(Records from a data collection)
____________

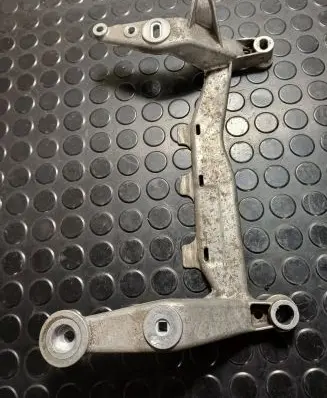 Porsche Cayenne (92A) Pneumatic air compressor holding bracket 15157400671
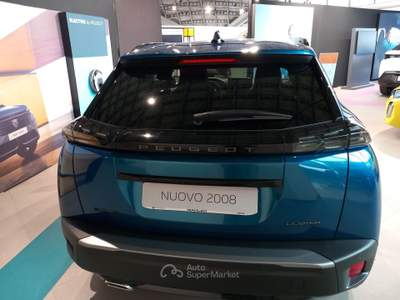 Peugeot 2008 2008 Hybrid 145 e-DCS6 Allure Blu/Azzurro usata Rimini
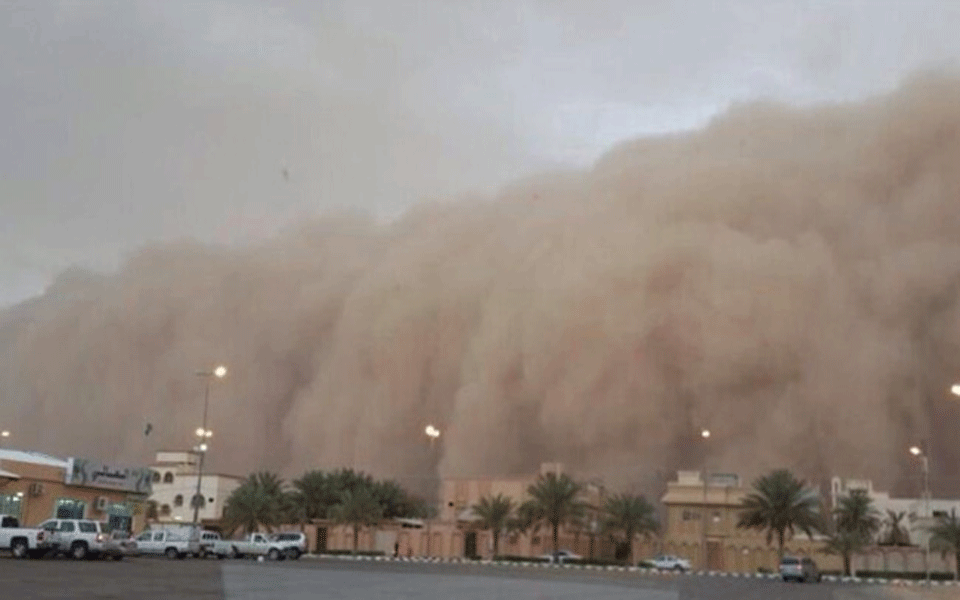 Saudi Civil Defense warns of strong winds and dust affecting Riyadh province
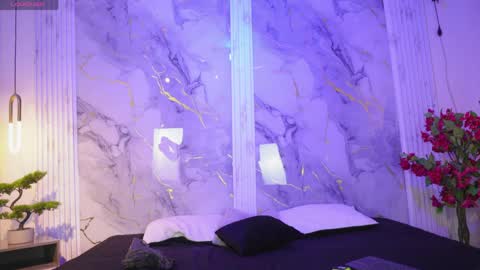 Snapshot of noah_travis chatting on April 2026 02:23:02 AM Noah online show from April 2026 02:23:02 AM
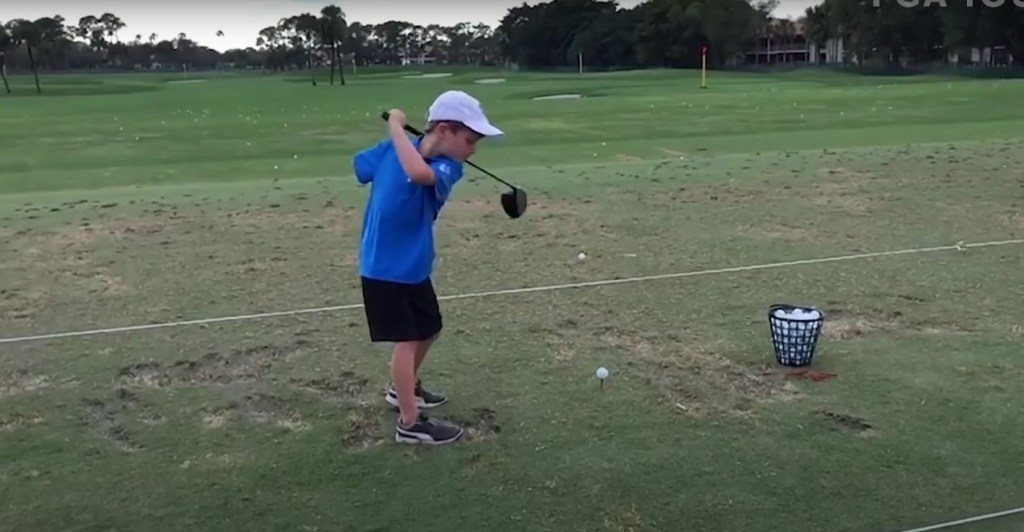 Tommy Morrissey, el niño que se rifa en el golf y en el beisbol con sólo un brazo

____________

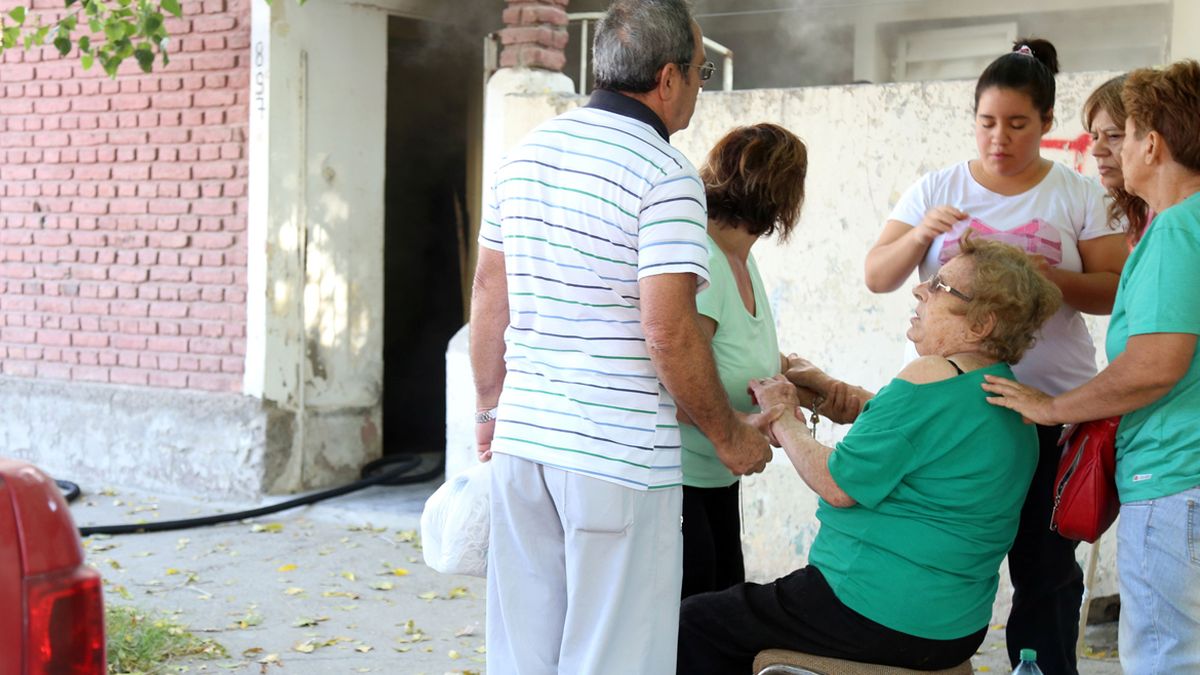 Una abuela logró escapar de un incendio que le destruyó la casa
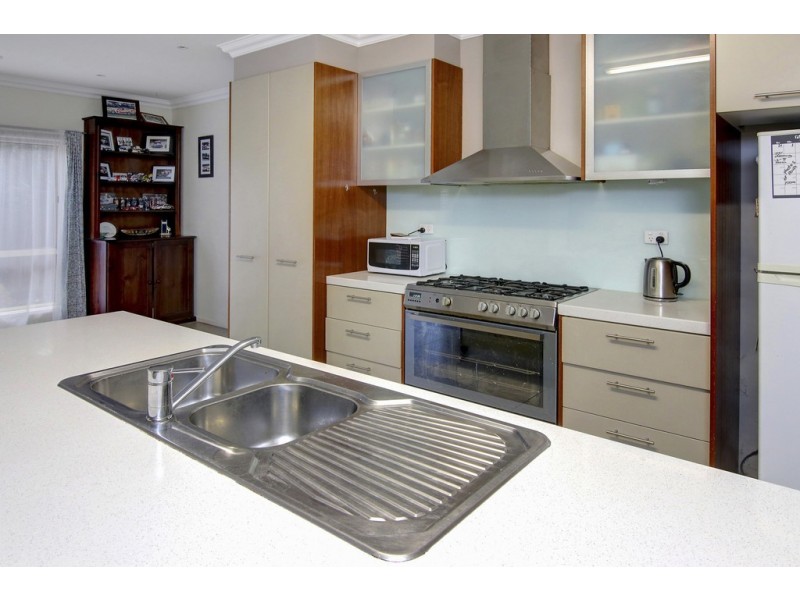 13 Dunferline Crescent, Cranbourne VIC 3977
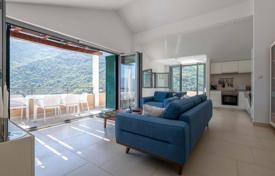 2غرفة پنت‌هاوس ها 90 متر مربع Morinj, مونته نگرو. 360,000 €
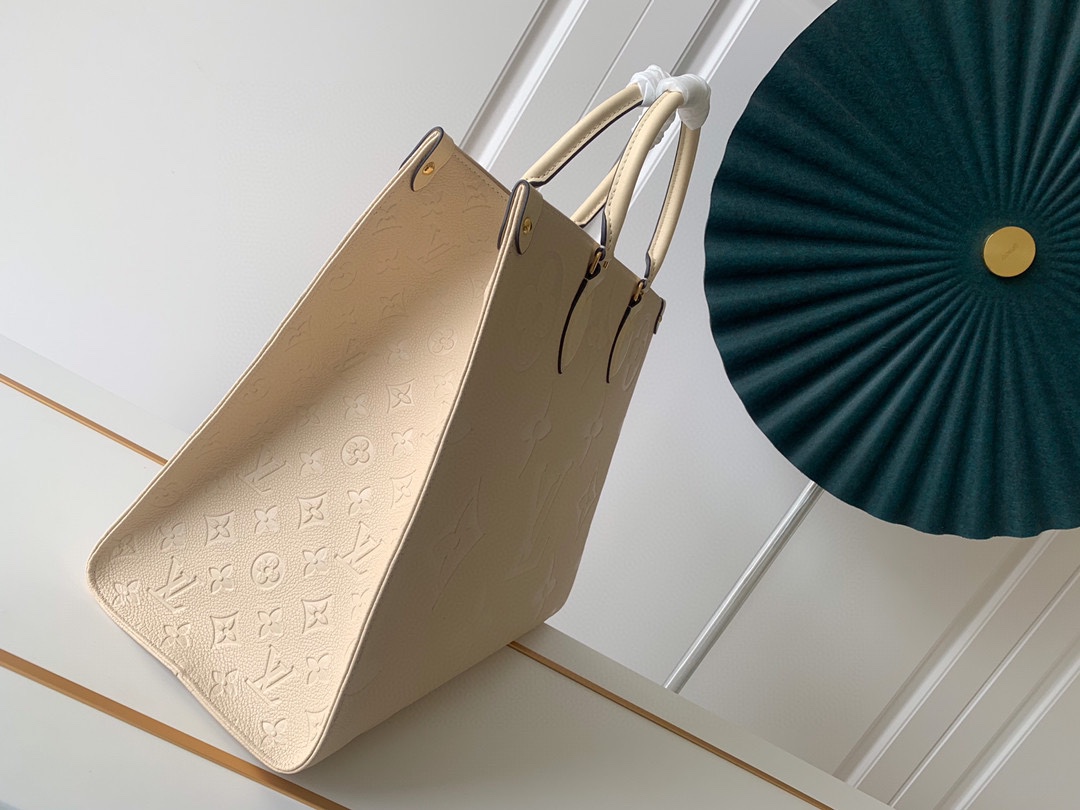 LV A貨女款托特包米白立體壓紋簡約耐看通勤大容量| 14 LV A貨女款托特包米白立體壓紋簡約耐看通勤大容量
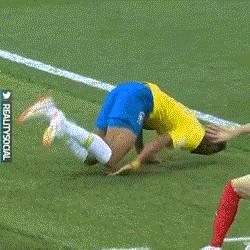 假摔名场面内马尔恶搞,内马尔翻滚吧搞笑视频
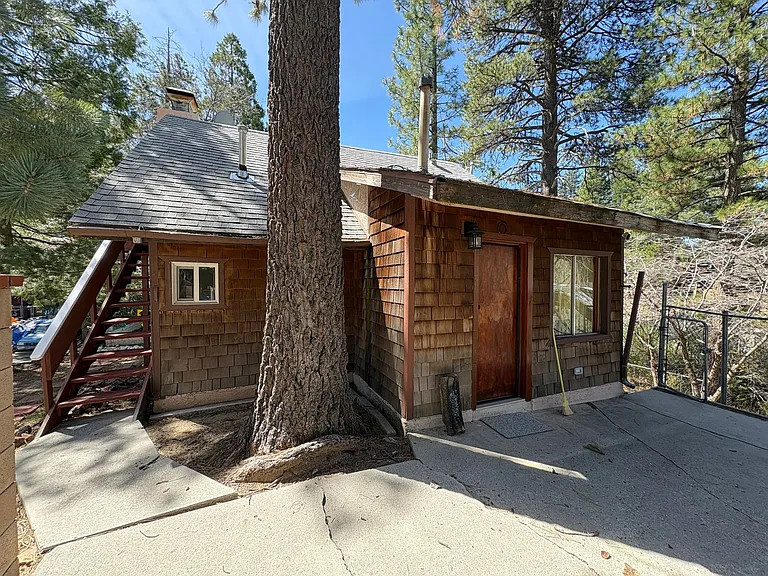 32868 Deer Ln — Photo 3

____________

» **Work instructions**
Text only, no pictures: please print exactly the lines above from the line with "Snapshot of noah_travis" up to and including the line with "Tommy Morrissey, el", and nothing else.

» **Expected output**
 Snapshot of noah_travis chatting on April 2026 02:23:02 AM Noah online show from April 2026 02:23:02 AM
 Tommy Morrissey, el niño que se rifa en el golf y en el beisbol con sólo un brazo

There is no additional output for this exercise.